How the Chinese Amazon.com works
Ecommerce is different in China for several reasons. Low credit card penetration, for example, means that Chinese buyers tend to be in the larger cities, Beijing, Shanghai, Shenzen, Xian, Nanjing and Chongqing. Once you get outside these areas, credit card penetration tends to decline.
So, how do you get around this?
- You order products online – but don’t pay for it.
- Chinese is mostly cash on delivery – credit cards are making inroads but with no credit history, it takes time.
- Credit cards are still relatively new. Interest rates are high and the approval process is very stringent. In many cities, you need someone to guarantee that you’ll pay of the card if you overdraw.

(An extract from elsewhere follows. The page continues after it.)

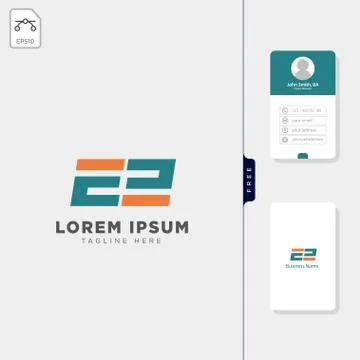 Initial e2 tech logo template vector illustration and get free business card  Illustrazione stock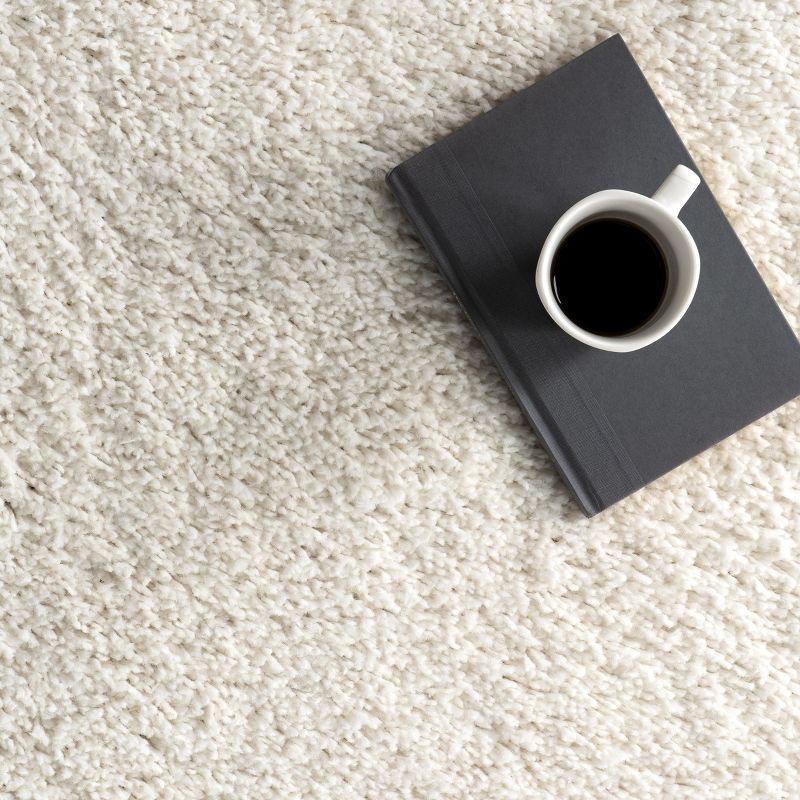 Nuloom Marleen Solid 8 Square Shag Indoor Area Rug for Living Room Bedroom Dining Room Nursery, Off White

- Credit card adoption is further complicated as most people have no credit history. Many products are paid for in cash. It’s not unknown for new home-owners to pay 100% cash for a new house – they like the security of owing it now!
- Goods are delivered by motorbike couriers. These are a carried by bike or, or for high-end goods, secured in a steel holding at the back of the bike. Keeping the couriers honest is another headache. The salary of many couriers is often less than the goods they deliver. You can imagine what happens…
- When the goods arrive, you can (and are expected to) open the box and check the goods.
- Your signature is recorded, sometimes on a palm/mobile/tablet device.
- Later if you have problems, you can return the goods to the distributor.
- In many cases, returns are not accepted (e.g. savvy students are known to swap the hard drives and return a PC with less powerful parts). Similar things happen with jewellery and other high end products.
Taobao Key Details
- Established in 2003
- Located in Shenzhen, a special economic zone, it is one hour from Hong Kong.
- China’s largest Internet retail platform
- 75% of market share, according to iResearch.
- Platforms within Taobao include Alibaba (www.alibaba.com), an affiliate network in China and Koubei.com (www.koubei.com), China’s leading classified listing website.
- Credit card adoption is on the rise but not as accessible as in the west.
- Chinese web shoppers are very web savvy and will do intensive research before buying products.
- Chinese web shoppers use Taobao to compare prices in the high street, e.g. printout of specs from the web to help negotiate.
- Negotiating (i.e. haggling) is the norm in Asia. You’re expected to haggle and fight for a better price. Only westerns pay the sticker price.
- Taobao is now so popular it is considering high streets branches and partnerships to capitalize on its position.
- Consumer-to-consumer (C2C) trading accounted for US$2 billion turnover in Q1 2008.
- Plans to have 700 stores available to buyers for the launch of mall.taobao.com. Companies pay five percent of transaction value to Taobao if their outlet fails to sell more than US$133,333 a year. In addition, they have to pay a 5,000 to 15,000 yuan one-time deposit for Taobao to compensate shoppers in case of complaints.
Ecommerce Opportunities in China
- Upselling & cross-selling are not as common as in the west.
- Long-term relationships are not cultivated, e.g. most ecommerce retailers don’t request email addresses and if they do (it seems to me) don’t know how to leverage these.
- Sales people are not trained to help customers. Their role is more to accommodate the customer rather than look for up-selling opportunities etc. They don’t waste time on this as they assume you won’t come back, which is often the case.
Taobao v Amazon
Do you think Amazon poses a real threat to Taobao? Can US ecommerce sites make a profit in the China? What do you think?